*AIM OF THE EXERCISE:* Only the lines below between the one holding "A young woman" and the one holding "Nancy and Benjamin", inclusive, are to be reproduced word for word; the pictures are to be left out.

*SOURCE INFORMATION:*
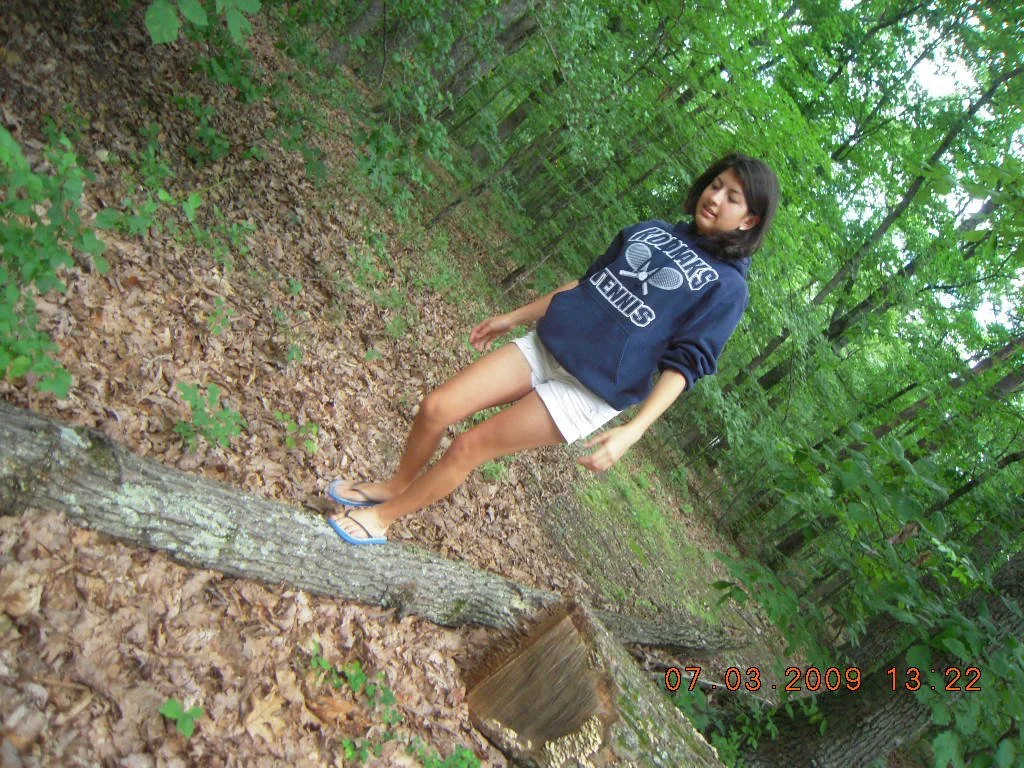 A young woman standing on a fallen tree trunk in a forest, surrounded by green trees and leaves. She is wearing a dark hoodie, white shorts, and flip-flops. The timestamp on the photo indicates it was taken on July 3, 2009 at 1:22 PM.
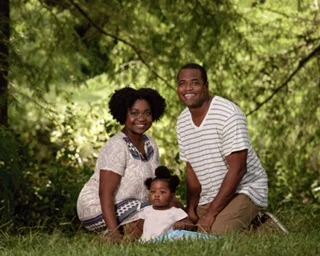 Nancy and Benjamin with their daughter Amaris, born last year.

...

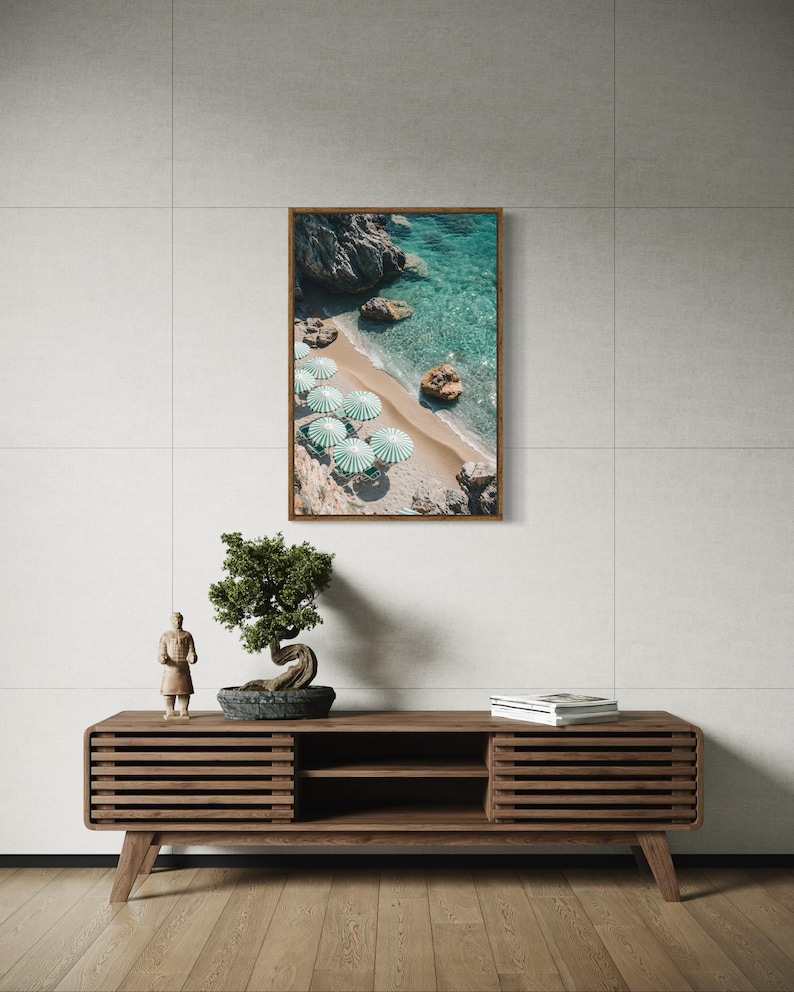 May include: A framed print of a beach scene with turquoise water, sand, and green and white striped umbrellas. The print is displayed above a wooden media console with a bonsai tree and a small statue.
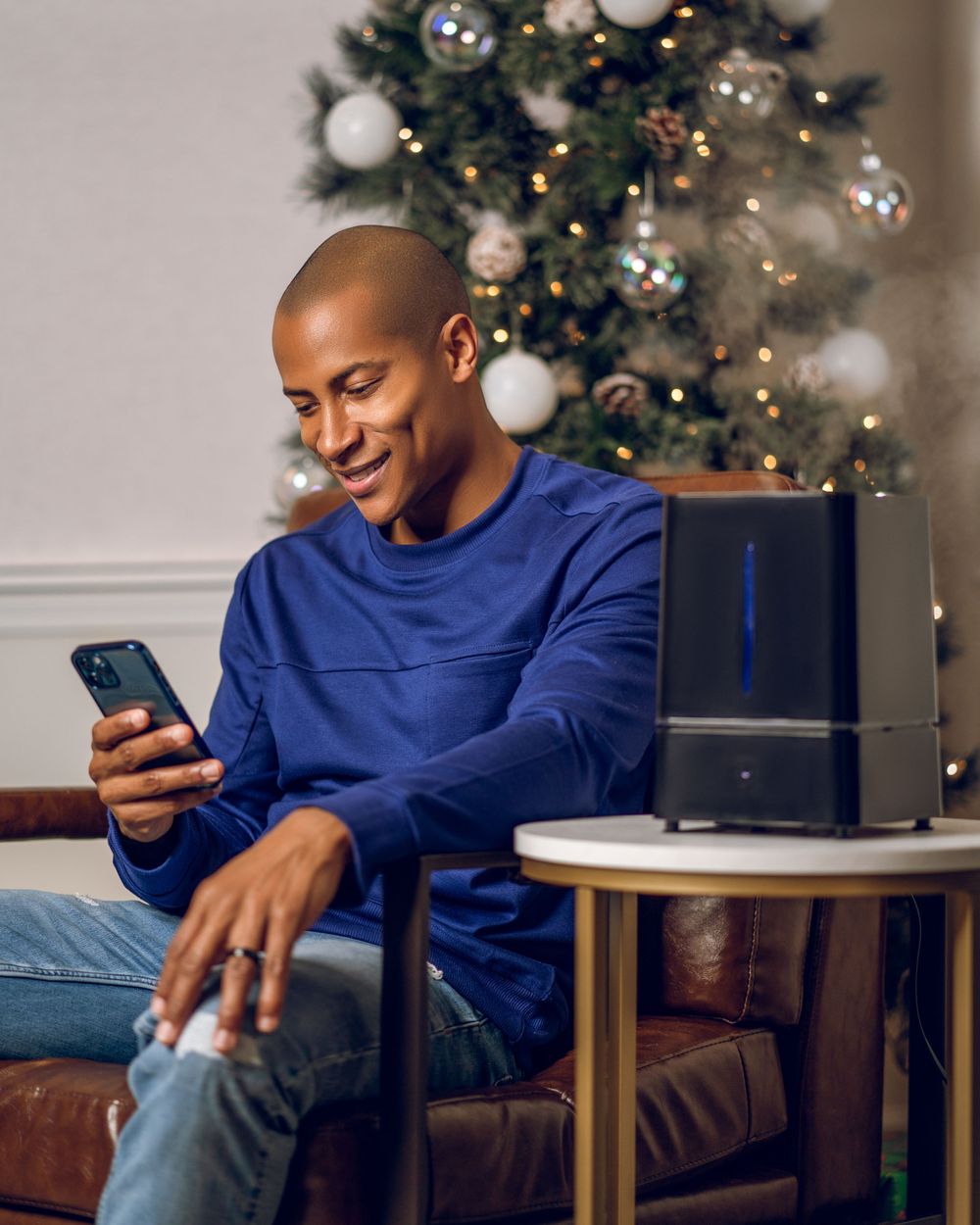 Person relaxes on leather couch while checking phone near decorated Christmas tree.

*RESULT FOR THIS TASK:*
 A young woman standing on a fallen tree trunk in a forest, surrounded by green trees and leaves. She is wearing a dark hoodie, white shorts, and flip-flops. The timestamp on the photo indicates it was taken on July 3, 2009 at 1:22 PM.
 Nancy and Benjamin with their daughter Amaris, born last year.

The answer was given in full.